# Generated samples

This folder contains five parts of samples from our subjective evaluation: five base-model infilled pieces (`xxx_generated.mp3`) and the five reference pieces from which those generations were derived (`xxx_reference.mp3`). Please refer to Section 4.2 and Appendix B.4 for more details about how these pieces are formatted.

### Why are the generated/reference pieces of different length?

Because the model can only represent a quantized range of tempos (these can be found in the tokenizer.json around line 800), the tempo of the generated content does not exactly match the tempo of the reference, resulting in a few seconds of difference in length due to desynchronization of tempo. This can be seen within the first few seconds if the audio clips are played side-by-side in Audacity or a similar program. Discrepancies of a few seconds due to tempo misalignment also occurred in the subjective evaluations of other studies (e.g. CA) so we did not think much of it.

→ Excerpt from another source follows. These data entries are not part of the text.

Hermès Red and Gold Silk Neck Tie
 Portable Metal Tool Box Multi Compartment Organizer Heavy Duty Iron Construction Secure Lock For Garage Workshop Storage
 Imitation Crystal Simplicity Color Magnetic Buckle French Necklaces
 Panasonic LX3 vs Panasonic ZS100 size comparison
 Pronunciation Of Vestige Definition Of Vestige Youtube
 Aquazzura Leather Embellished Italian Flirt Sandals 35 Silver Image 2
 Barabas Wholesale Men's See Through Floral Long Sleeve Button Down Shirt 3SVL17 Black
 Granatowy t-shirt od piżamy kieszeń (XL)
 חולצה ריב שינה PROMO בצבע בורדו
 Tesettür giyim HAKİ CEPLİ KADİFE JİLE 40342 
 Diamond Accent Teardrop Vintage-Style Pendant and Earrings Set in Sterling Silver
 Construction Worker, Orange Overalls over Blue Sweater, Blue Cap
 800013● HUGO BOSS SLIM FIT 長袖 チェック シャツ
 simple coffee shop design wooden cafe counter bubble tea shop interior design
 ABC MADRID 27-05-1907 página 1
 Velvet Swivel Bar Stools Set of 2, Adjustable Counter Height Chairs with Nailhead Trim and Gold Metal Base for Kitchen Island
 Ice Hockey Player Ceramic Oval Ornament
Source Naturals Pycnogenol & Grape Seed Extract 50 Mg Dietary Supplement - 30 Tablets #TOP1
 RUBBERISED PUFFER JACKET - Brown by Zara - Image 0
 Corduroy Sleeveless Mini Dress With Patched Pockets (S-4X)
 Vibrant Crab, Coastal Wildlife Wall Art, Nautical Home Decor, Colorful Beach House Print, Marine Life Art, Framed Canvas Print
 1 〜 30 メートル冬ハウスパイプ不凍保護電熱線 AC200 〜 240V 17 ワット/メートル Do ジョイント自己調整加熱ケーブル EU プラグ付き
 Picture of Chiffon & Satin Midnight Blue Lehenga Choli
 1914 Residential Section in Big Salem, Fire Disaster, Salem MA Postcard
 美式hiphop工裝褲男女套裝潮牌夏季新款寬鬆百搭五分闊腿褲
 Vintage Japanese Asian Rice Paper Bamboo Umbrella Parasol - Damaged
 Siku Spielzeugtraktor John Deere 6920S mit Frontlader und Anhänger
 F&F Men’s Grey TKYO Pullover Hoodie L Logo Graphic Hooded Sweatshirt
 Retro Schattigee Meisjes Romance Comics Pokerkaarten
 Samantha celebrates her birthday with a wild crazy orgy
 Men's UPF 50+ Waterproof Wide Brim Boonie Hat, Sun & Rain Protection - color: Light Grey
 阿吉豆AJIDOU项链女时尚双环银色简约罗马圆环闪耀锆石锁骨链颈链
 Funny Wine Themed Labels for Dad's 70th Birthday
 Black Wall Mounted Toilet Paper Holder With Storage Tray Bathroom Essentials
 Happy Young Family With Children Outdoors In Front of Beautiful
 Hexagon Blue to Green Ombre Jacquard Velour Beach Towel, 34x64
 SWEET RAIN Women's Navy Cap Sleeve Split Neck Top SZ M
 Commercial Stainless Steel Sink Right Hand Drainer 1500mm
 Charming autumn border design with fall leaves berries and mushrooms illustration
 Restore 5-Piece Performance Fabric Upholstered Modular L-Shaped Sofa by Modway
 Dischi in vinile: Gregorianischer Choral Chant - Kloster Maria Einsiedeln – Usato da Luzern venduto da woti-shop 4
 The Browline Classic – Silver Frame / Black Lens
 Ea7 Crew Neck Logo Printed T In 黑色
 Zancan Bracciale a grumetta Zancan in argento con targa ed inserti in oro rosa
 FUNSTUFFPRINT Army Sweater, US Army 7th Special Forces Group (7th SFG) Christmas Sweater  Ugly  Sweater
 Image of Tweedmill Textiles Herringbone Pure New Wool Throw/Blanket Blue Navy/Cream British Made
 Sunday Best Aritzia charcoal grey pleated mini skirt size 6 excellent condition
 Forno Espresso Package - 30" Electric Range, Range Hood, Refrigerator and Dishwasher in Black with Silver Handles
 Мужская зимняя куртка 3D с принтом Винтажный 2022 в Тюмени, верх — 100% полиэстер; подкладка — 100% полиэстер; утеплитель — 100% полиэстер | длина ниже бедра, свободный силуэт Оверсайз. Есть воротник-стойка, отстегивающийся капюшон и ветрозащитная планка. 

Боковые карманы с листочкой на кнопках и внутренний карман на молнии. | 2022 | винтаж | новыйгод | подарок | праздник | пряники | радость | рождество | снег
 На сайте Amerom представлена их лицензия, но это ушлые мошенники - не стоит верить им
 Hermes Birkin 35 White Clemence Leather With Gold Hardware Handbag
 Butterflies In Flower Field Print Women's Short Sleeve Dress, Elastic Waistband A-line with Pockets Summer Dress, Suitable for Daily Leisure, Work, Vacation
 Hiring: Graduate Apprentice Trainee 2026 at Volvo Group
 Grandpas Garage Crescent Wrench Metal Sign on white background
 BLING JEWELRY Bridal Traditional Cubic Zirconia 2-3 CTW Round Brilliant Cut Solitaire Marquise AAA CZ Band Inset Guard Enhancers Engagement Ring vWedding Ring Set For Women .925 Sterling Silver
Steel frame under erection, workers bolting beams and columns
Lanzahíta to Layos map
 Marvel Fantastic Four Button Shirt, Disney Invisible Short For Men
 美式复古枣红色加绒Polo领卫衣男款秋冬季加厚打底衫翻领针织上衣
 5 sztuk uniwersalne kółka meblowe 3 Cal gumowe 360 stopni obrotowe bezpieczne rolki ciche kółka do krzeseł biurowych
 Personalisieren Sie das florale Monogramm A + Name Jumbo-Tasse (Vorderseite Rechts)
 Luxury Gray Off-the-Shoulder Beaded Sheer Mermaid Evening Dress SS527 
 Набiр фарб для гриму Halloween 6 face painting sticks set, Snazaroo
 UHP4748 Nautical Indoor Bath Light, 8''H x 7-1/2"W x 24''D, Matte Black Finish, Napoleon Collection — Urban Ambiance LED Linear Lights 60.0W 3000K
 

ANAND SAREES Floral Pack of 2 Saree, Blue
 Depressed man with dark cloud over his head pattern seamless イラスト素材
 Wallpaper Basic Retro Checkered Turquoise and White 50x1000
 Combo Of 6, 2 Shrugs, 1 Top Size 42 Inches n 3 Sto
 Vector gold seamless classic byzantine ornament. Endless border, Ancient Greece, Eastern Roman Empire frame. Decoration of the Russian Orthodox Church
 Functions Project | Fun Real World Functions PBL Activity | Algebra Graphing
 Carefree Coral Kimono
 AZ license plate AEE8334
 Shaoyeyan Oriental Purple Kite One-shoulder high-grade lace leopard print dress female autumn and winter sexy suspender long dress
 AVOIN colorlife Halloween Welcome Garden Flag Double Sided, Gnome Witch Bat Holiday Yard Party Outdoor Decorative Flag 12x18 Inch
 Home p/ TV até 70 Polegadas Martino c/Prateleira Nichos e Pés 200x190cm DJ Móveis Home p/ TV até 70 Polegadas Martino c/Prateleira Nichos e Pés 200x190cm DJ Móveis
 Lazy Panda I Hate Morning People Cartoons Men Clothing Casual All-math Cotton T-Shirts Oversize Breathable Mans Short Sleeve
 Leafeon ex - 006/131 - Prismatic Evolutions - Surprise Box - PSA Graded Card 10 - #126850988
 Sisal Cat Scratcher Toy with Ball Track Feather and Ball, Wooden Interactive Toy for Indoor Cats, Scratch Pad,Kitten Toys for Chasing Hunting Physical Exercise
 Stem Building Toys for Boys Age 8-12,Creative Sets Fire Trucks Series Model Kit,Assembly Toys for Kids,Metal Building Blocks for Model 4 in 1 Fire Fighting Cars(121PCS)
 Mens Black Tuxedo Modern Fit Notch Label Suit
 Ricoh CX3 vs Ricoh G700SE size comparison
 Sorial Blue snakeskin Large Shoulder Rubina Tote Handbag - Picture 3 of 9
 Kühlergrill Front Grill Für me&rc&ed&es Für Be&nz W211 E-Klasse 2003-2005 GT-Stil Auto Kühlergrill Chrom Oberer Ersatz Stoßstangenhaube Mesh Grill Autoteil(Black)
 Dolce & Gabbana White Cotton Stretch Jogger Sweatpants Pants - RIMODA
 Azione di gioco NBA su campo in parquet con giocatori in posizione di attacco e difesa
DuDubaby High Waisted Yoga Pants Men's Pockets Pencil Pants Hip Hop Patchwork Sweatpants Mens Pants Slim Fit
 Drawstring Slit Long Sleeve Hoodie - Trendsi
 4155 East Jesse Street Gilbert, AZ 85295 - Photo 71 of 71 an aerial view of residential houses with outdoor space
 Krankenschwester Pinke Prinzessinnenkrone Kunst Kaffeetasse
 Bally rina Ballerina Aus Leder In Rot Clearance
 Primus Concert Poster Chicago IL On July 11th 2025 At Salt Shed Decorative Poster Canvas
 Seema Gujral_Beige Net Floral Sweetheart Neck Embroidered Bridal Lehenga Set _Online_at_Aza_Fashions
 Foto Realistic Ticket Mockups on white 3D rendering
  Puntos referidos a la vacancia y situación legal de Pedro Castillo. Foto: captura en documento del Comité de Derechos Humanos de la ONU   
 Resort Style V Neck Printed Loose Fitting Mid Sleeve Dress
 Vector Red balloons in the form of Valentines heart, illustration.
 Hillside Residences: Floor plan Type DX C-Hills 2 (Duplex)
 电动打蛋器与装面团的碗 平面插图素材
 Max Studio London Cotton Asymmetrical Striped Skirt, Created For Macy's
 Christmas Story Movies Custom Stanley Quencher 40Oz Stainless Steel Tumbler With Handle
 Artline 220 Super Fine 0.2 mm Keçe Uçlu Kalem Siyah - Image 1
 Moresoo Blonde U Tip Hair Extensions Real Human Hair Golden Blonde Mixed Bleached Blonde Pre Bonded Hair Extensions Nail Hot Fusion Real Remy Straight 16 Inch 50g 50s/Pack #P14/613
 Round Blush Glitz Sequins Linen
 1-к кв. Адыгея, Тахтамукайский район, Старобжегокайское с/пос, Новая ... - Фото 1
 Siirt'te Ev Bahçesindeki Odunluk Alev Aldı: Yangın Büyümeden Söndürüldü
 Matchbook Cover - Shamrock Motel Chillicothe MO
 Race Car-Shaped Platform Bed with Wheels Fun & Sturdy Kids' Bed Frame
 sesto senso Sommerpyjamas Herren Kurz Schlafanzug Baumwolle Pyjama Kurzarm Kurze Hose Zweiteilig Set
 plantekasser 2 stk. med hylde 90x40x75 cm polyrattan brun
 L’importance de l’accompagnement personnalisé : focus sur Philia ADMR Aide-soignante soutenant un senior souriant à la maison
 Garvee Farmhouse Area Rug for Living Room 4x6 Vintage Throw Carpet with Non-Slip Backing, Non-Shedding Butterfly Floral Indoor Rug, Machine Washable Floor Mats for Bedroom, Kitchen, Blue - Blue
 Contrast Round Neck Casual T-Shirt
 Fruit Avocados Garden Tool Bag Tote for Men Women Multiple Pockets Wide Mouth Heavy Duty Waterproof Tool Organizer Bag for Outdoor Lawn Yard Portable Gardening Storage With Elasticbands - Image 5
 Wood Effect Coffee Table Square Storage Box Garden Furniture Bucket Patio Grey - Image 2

### Where are the beginning and end of the infilling region for each piece?

Roughly 1/4 and 3/4 of the way through the file, respectively, but for each `xxx_generated.mp3` piece it is approximately as follows (beginning, end):

- 288: 11s, 33s
- 494: 4s, 14s
- 564: 12s, 36s
- 570: 15s, 45s
- 834: 4s, 16s

### What do the three-digit prefixes mean?

These are the index of the piece in POP909.